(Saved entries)
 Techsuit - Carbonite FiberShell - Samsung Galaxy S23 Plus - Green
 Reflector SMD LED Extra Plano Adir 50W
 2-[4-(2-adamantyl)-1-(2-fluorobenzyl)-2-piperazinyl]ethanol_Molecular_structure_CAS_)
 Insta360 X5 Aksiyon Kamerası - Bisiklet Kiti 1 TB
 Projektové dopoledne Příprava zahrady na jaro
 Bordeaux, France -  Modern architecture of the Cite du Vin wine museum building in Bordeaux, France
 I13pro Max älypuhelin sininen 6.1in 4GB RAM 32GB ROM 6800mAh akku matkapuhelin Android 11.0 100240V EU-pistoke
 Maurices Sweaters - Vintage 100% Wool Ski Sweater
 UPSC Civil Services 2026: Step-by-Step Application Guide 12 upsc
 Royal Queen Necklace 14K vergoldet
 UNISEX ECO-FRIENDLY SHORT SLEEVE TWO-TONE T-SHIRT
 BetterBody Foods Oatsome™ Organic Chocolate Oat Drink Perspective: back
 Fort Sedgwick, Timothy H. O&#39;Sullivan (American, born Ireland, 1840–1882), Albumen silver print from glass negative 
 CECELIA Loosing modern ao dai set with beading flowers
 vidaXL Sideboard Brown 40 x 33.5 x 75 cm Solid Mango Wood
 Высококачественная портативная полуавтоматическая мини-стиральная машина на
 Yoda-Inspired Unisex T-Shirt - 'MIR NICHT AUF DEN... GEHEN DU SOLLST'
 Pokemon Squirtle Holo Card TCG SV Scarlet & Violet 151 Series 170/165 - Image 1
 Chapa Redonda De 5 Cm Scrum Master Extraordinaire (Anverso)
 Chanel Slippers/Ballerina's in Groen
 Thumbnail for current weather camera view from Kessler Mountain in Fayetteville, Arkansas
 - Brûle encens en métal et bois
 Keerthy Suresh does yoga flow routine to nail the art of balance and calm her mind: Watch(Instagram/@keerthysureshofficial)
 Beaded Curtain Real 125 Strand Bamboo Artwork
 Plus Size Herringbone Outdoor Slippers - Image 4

■ What the exercise asks:
The lines to retype run from the start of the entries through the line containing "in Bordeaux, France"; reproduce them exactly and add nothing.

■ Reply to the task:
 Techsuit - Carbonite FiberShell - Samsung Galaxy S23 Plus - Green
 Reflector SMD LED Extra Plano Adir 50W
 2-[4-(2-adamantyl)-1-(2-fluorobenzyl)-2-piperazinyl]ethanol_Molecular_structure_CAS_)
 Insta360 X5 Aksiyon Kamerası - Bisiklet Kiti 1 TB
 Projektové dopoledne Příprava zahrady na jaro
 Bordeaux, France -  Modern architecture of the Cite du Vin wine museum building in Bordeaux, France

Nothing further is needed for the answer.